I started at a really young age — cutting, chopping, grinding, stirring and everything else that ended with “ing”. However, if it wasn’t for what I did growing up, I would have never been able to learn the techniques, recipes, ingredients and names of the dishes I’m so familiar with today. In all honesty, I embrace what I had gone through in my youth and I would, without any second thoughts, do it all over again.
Do you prefer to dine out or prepare a home-cooked meal?
My biggest joy in cooking is having friends come over for a meal. This is something I continually do and will never stop this habit of having people in my home. I would usually serve a mix of anything that encompasses heritage cuisine. Of course, during Christmas, it would be an intimidating spread of at least 10 to 15 Eurasian dishes!
Today, when friends meet, it’s usually in a selected restaurant. It’s fine but you don’t have the freedom of being relaxed in a home that is generous in giving and feeds you with food cooked with love. Somehow, there’s no comparison to a home-cooked meal.
I have two favourite dishes: Debal with pig trotters and Batata Caldu Leite Cocu (sweet potatoes in coconut milk) which must be eaten with sambal belachan!
What are you up to these days?
I am currently planning a soon-to-launch takeaway offer with a weekly updated menu. Pricing will be $180 for 4 pax including delivery. I am also working towards launching a new restaurant, slated to open early next year.

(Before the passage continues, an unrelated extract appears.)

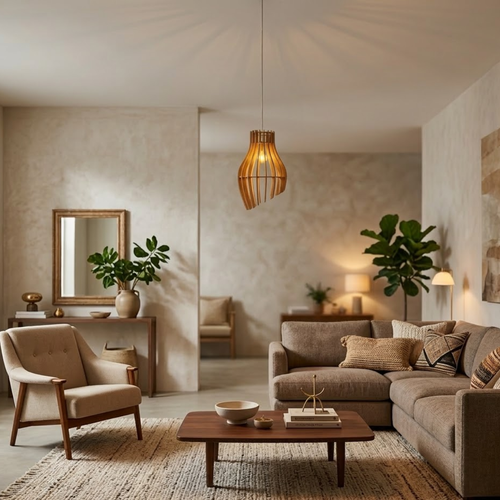 Lampe décorative en bois qui transforme votre salon ✨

This time around, I will be a partner in an organisation that is deeply rooted in the F&B segment.
The outlet will be centrally located, within a good mix of condominiums, landed and HDB properties, and offices. We will not only serve dine-in heritage cuisine but also have a separate takeaway menu. We will also offer one-dish meals, from noodles to rice. It will be all-day dining, from breakfast to dinner.
We will have a retail space within the outlet to sell our pickles, sambals and vacuum-packed finished and unfinished items. There will also be a private room, with a “Chef’s menu” that changes according to what is available throughout the year. This will focus 40% on local migratory fish species and lost heritage dishes from all the different ethnicities within Singapore.
Besides food, the restaurant will carry a range of specially selected craft beers, wines, spirits, sakes and a selection of crafted cocktails (alcoholic and non-alcoholic). There will also be an assortment of small bites to accompany the alcoholic beverages.